When the 156ft clock tower rose majestically from the new Civic Centre complex during the early 1930s pictured right the ominous storm clouds of war were already gathering in Europe. And when Hitler's bombers brought fire and death to Britain in 1940, the town surveyed by the towering white landmark received a dreadful pounding.

Yet while the historic and commercial heart of Southampton was erased by the Luftwaffe, the clock tower stood as defiant as the townsfolk.

All four dials of the clock were smashed though, and the south face mechanism was wrecked.

Ordinary glass, specially treated with an oil transparent solution, enabled the north, east and west faces to be put right temporarily but the south dial wore a blank look throughout the conflict.

Then, two years after the war, the clock was plunged into darkness as a fuel crisis forced electricity cuts, prompting predictable anger from residents.

Moon-like faces It was left to the Daily Echo to comment: "There are many who would like to see the clock face glow gain. There was a certain friendliness about their moon-like faces, and it is suggested that it should be simple enough to cut out a few street lamps and restore the beacon that can be seen from all over the town and from many miles beyond its bounds."

By the end of 1947, the 54 lamps that illuminated the dials were switched on and Southampton was bathed again in the tower's light.

At this time, the local council asked Daily Echo readers to come up with a suitable name for the clock, and suggestions came flooding in. Nominations included naming the tower after General Daniel Beak or Seaman Jack Mantle, two Southampton men who had been awarded the VC.
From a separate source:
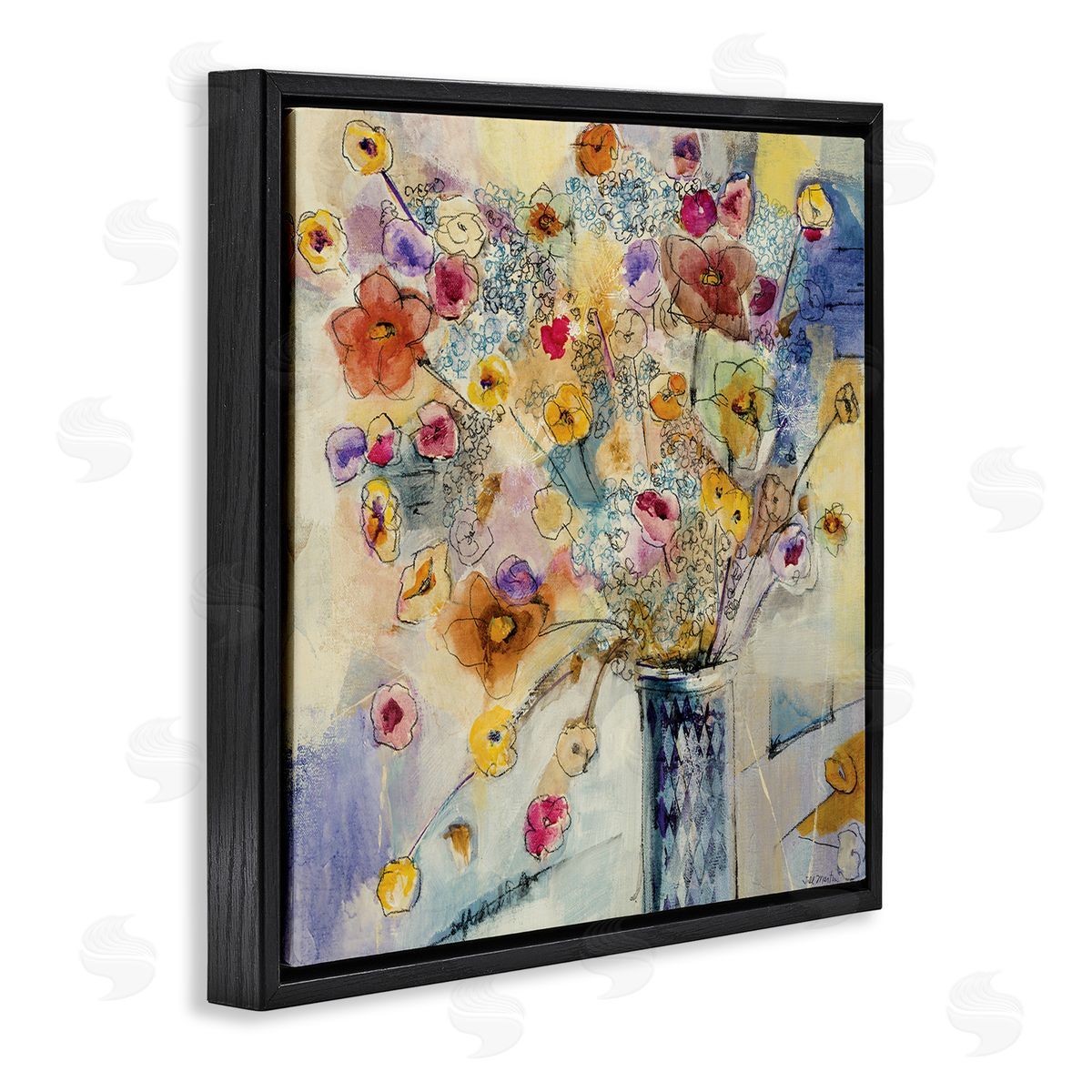 Chaotic Flowers Line Drawing Black Floating Frame Canvas Wall Art, Home Decor by Third and Wall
Other names put forward included Big Tim, Long Echo and Tall Tester. However, the council came up with its own name instead the somewhat unimaginative Civic Centre Clock.

Major repairs During the decades which followed, a succession of workmen have clambered the 215 internal stairs to attend the clock and its 11ft dials, as these archive photographs from the 1970s and 80s show.

One shot far right shows the tower half-encased in scaffolding in 1982, which provoked "eyesore" complaints from many residents, while another right shows a stunning silhouette of a workman undertaking major repairs two years earlier.

A further picture above right shows George Mountjoy, who clambered up the staircase for many years to ensure that the mechanism was in pristine working order.

Mr Mountjoy, who toiled up the staircase with his oil can at least twice a week, told the Daily Echo in 1976: "It keeps pretty good time at the moment it is about six seconds fast. The weather has a lot to do with it in fact it has stopped twice because of strong winds."